Chaque année, le Téléthon recueille des dizaines de millions d’euros, ce qui en fait une des campagnes de dons les plus suivies et les plus médiatisées. En comparaison, la fondation de l’abbé Pierre reçoit bien peu d’offres de versements. Comment expliquer ce phénomène ?
Si l’on examine en détail le déroulement d’une soirée de Téléthon, on s’aperçoit que le clip pour la fondation de l’abbé Pierre arrive juste avant le Téléthon. On y voit des vagabonds en situation vivant le quotidien morne de la misère, dans des tons noir et blanc peu stimulants. Un tel message suscite peu d’appels de dons, mais il suscite un sentiment de culpabilité, parce qu’on n’a pas le réflexe de se jeter sur son téléphone pour donner. Or, ce sentiment de culpabilité peut susciter dans un second temps la générosité des téléspectateurs, et favoriser les dons en faveur du Téléthon.

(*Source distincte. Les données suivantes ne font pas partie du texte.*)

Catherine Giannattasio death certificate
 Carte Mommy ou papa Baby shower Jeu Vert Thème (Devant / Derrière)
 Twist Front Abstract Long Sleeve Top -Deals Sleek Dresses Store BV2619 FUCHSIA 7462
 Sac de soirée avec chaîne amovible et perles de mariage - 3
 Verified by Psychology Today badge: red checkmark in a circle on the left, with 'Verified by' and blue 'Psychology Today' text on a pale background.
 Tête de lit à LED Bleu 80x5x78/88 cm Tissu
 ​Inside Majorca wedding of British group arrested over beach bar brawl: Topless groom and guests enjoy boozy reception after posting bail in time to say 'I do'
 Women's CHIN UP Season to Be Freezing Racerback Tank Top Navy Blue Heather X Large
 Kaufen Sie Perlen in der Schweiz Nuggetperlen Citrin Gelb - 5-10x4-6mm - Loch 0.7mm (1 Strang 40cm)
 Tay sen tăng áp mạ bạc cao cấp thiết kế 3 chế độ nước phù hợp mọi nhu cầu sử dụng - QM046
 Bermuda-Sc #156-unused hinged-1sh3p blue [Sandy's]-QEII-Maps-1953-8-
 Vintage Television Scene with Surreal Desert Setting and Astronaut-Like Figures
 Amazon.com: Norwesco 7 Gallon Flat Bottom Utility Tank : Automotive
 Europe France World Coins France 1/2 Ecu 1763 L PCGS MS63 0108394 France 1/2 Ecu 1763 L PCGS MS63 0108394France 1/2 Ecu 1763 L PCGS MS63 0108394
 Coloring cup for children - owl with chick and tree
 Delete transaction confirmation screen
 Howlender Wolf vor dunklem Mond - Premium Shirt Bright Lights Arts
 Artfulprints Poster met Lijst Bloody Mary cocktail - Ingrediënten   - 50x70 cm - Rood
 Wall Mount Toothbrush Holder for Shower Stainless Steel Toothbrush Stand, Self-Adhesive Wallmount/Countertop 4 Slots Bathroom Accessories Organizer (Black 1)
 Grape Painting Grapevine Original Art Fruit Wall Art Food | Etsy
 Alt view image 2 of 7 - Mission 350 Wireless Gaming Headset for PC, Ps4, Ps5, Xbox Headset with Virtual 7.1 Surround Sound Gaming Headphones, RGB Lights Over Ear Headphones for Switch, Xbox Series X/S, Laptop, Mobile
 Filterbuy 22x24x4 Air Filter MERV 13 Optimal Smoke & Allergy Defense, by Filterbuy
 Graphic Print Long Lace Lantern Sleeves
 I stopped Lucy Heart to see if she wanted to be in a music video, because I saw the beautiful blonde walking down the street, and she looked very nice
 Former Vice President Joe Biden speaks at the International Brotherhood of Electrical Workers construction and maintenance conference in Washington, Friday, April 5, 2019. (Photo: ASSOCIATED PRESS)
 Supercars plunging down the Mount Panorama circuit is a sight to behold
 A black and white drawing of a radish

Le sentiment de culpabilité engendre un comportement d’altruisme dans un délai de quelques secondes à quelques minutes, ce qui a été mis en évidence dans cette expérience :
Un psychologue, Richard Katzev, a mené des expériences dans un musée. Un expérimentateur déguisé en gardien s’approchait de certains visiteurs qui avaient eu l’imprudence de toucher les œuvres exposées. Il suscitait un sentiment de culpabilité chez eux, en les réprimandant vertement, en leur signalant qu’ils abîmaient des œuvres d’art précieuses, que cela, c’était interdit et qu’ils faisaient quelque chose de répréhensible.
À leur sortie de la pièce, un autre complice laissait tomber devant ces infortunés visiteurs un sac rempli de stylos, de cartes et de pièces de monnaie. On observait alors les réactions des sujets. R. Katzev a constaté que les individus qui s’étaient sentis coupables d’avoir abîmé les œuvres d’art proposaient plus spontanément leur aide à l’infortuné visiteur qui avait laissé tomber ses affaires que les personnes n’ayant pas été réprimandées par le gardien.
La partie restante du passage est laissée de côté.